Dan diriwayatkan pula bahwa bacaan Alqur’an di kuburan adalah Bid’ah, dan hal itu adalah ucapan Imam Ahmad bin hanbal,
lalu muncul riwayat lain bahwa Imam Ahmad
melarang keras hal itu, maka berkatalah padanya Muhammad bin Qudaamah :
Wahai Abu Abdillah (nama panggilan Imam Ahmad), apa pendapatmu tentang Mubasyir (seorang perawi hadits), Imam Ahmad menjawab :
Ia Tsiqah (kuat dan terpercaya riwayatnya), maka berkata Muhammad bin Qudaamah sungguh Mubasyir telah meriwayatkan padaku dari ayahnya bahwa bila wafat agar dibacakan awal surat Baqarah dan penutupnya, dan bahwa Ibn Umar berwasiat demikian pula!”, maka berkata Imam Ahmad :”katakana pada
orang yang tadi kularang membaca ALqur’an dikuburan agar ia terus membacanya lagi..”. (Al Mughniy Juz 2 hal : 225)

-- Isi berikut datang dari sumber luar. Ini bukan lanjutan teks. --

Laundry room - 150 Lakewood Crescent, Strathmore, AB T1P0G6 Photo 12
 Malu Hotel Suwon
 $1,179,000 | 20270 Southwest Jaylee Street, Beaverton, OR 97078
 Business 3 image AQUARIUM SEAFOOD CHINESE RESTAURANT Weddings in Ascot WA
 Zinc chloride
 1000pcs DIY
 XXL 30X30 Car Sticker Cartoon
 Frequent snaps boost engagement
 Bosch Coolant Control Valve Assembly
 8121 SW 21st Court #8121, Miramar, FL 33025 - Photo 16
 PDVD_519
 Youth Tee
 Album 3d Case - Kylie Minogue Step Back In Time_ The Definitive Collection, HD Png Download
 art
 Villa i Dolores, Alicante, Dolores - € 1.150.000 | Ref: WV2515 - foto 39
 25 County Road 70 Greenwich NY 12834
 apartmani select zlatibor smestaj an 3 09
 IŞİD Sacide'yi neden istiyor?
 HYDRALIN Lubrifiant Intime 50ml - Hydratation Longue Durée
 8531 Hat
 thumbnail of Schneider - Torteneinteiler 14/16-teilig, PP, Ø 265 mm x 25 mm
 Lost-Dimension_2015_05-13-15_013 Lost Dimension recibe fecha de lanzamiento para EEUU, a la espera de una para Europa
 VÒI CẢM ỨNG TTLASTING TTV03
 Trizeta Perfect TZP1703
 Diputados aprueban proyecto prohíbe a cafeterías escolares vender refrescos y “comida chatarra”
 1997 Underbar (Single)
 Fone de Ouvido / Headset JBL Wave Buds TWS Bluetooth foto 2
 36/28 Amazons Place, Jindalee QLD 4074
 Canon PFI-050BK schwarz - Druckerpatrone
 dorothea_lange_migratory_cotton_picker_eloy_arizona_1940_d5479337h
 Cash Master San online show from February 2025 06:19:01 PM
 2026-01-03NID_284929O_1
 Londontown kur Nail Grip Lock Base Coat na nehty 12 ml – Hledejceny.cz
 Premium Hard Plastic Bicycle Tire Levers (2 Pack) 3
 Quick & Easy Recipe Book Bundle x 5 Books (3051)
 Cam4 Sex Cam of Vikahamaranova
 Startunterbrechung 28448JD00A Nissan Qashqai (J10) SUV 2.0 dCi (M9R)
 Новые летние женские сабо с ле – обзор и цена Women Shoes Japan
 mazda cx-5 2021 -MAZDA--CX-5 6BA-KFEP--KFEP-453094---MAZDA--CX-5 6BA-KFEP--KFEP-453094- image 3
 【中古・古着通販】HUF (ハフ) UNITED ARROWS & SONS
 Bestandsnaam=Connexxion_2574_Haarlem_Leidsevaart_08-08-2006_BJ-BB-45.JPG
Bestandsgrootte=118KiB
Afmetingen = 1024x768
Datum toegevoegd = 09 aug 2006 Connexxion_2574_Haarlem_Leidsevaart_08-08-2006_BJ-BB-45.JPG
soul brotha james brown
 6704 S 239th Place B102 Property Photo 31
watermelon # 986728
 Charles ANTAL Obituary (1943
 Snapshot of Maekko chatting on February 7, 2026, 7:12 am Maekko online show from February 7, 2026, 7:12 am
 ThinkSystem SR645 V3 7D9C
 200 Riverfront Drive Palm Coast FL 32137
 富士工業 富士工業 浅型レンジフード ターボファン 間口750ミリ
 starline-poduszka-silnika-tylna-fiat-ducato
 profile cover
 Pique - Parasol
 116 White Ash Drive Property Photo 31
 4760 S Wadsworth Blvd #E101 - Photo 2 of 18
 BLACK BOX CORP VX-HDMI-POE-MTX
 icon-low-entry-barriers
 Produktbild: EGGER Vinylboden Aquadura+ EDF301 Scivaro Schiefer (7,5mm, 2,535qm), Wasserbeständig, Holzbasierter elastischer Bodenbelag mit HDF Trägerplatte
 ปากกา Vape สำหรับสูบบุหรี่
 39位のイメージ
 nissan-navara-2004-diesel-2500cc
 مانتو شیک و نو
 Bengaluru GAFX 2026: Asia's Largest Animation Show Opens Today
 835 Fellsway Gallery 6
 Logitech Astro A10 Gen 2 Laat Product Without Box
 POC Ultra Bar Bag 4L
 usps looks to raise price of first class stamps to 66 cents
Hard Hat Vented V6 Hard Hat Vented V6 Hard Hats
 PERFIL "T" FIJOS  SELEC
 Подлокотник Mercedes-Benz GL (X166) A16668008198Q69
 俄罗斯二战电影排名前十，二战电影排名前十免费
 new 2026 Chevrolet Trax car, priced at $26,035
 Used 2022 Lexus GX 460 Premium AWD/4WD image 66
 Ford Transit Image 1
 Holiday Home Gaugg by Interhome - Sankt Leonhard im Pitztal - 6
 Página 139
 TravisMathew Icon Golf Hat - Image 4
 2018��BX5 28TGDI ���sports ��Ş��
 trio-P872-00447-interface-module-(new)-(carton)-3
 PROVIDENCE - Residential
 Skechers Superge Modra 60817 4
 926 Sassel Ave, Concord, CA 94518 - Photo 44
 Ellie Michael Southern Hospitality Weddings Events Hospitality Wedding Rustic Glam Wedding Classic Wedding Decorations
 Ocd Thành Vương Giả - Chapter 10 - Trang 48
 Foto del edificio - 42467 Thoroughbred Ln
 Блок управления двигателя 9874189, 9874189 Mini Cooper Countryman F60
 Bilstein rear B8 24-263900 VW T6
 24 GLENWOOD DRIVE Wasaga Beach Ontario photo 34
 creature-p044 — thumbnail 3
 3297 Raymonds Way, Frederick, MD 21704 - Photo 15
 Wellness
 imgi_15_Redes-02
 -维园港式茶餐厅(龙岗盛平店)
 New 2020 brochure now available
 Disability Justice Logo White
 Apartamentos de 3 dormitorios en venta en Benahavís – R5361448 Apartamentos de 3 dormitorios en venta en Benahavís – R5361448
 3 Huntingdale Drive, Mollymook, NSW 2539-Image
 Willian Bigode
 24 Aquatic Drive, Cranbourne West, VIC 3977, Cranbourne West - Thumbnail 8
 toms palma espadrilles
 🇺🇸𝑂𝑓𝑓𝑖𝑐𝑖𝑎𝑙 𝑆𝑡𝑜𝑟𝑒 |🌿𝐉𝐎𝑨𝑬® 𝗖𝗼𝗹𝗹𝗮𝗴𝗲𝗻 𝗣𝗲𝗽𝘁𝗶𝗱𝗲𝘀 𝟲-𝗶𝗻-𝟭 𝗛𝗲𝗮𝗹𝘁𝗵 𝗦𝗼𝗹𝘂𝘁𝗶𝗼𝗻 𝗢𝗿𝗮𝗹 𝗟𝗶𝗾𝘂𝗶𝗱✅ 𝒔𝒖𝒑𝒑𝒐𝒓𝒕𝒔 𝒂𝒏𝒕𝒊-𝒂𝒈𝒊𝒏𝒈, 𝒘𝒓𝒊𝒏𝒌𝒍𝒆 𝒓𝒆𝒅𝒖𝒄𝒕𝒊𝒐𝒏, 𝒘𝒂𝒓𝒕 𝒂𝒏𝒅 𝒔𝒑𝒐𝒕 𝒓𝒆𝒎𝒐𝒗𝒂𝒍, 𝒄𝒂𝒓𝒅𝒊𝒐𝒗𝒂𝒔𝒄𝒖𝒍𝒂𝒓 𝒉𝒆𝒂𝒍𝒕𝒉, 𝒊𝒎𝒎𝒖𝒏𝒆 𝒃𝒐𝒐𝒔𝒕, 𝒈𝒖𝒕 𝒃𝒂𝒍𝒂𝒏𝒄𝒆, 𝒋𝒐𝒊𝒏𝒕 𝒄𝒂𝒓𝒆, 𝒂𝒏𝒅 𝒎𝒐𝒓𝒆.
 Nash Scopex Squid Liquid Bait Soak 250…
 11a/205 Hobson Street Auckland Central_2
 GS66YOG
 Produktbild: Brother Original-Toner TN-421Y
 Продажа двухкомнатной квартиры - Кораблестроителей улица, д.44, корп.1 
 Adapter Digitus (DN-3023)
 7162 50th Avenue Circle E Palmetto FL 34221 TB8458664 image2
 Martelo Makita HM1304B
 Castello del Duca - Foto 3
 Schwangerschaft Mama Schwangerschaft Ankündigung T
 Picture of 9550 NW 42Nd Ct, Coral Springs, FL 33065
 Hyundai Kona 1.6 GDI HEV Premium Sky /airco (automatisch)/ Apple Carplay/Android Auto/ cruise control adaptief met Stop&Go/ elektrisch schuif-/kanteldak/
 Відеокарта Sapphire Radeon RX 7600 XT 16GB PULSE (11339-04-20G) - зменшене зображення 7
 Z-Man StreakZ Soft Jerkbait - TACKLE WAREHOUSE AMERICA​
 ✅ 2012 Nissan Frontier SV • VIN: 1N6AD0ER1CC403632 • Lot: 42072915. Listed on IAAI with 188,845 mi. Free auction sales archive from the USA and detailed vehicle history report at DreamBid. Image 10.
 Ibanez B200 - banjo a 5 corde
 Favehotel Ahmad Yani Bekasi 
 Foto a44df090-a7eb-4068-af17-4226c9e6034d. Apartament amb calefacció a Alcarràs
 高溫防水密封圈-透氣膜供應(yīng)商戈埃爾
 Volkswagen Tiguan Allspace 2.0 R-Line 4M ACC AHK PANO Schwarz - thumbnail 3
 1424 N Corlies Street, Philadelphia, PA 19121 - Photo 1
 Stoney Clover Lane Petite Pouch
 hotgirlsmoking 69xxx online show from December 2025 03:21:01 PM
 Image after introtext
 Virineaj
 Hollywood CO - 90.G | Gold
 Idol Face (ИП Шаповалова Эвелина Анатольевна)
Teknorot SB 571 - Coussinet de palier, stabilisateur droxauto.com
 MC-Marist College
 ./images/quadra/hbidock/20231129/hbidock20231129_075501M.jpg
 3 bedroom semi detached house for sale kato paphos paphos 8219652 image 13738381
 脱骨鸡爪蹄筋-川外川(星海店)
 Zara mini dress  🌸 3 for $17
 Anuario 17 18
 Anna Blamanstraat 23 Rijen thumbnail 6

Dan dikatakan dalam Syarh Al Kanz :
وقال
في شرح الكنز إن للإنسان أن يجعل ثواب عمله لغيره صلاة كان أو صوما أو حجا أو صدقة
أو قراءة قرآن ذلك من جميع أنواع البر ويصل ذلك إلى الميت، وينفعه ثم أهل السنة
انتهى والمشهور من مذهب الشافعي وجماعة من أصحابه أنه لا يصل إلى الميت ثواب قراءة
القرآن وذهب أحمد بن حنبل وجماعة من العلماء وجماعة من أصحاب الشافعي إلى أنه يصل
كذا ذكره النووي في الأذكار وفي شرح المنهاج لابن النحوي لا يصل إلى الميت عندنا
ثواب القراءة على المشهور والمختار الوصول إذا سأل الله إيصال ثواب قراءته وينبغي
الجزم به لأنه دعاء فإذا جاز الدعاء للميت بما ليس للداعي فلأن يجوز بما هو له أولى
ويبقى الأمر فيه موقوفا على استجابة الدعاء وهذا المعنى لا يختص بالقراءة بل يجري
في سائر الأعمال والظاهر أن الدعاء متفق عليه أنه ينفع الميت والحي القريب والبعيد
بوصية وغيرها وعلى ذلك أحاديث كثيرة
“dijelaskan pada syarah Al Kanz, Sungguh boleh bagi seseorang untuk
mengirim pahala amal kepada orang lain, shalat kah, atau puasa, atau haji, atau
shadaqah, atau Bacaan Alqur’an, dan seluruh amal ibadah lainnya, dan itu boleh
untuk mayyit dan itu sudah disepakati dalam Ahlussunnah
waljamaah.
Namun hal yang terkenal bahwa Imam Syafii dan sebagian ulamanya
mengatakan pahala pembacaan Alqur’an tidak sampai, namun Imam Ahmad bin Hanbal,
dan kelompok besar dari para ulama, dan kelompok besar dari ulama syafii
mengatakannya pahalanya sampai, demikian dijelaskan oleh Imam Nawawi dalam
kitabnya Al Adzkar,
Dan dijelaskan dalam Syarh Al Minhaj oleh Ibn Annahwiy : “tidak sampai
pahala bacaan Alqur’an dalam pendapat kami yang masyhur, dan maka sebaiknya
adalah pasti sampai bila berdoa kepada Allah untuk memohon penyampaian pahalanya
itu,
Dan selayaknya ia meyakini hal itu karena merupakan doa, karena bila
dibolehkan doa tuk mayyit, maka menyertakan semua amal itu dalam doa tuk
dikirmkan merupakan hal yang lebih baik, dan ini boleh tuk seluruh amal, dan doa
itu sudah Muttafaq alaih (tak ada ikhtilaf) bahwa doa itu sampai dan bermanfaat
pada mayyit bahkan pada yang hidup, keluarga dekat atau yang jauh, dengan wasiat
atau tanpa wasiat, dan dalil ini dengan hadits yang sangat
banyak”
(Naylul Awthar lil Imam Assyaukaniy Juz 4 hal 142, Al majmu’ Syarh Muhadzab lil Imam Nawawiy Juz
15 hal 522).
Kesimpulannya bahwa hal ini merupakan ikhtilaf ulama, ada yang
mengatakan pengiriman amal pada mayyit sampai secara keseluruhan, ada yang
mengatakan bahwa pengiriman bacaan Alqur’an tidak sampai, namun kesemua itu bila
dirangkul dalam doa kepada Allah untuk disampaikan maka tak ada ikhtilaf
lagi.
Dan kita semua dalam tahlilan itu pastilah ada ucapan : Allahumma
awshil, tsawabaa maa qaraa’naa minalqur’anilkarim… dst (Wahai Allah,
sampaikanlah pahala apa – apa yang kami baca, dari alqur’anulkarim…dst).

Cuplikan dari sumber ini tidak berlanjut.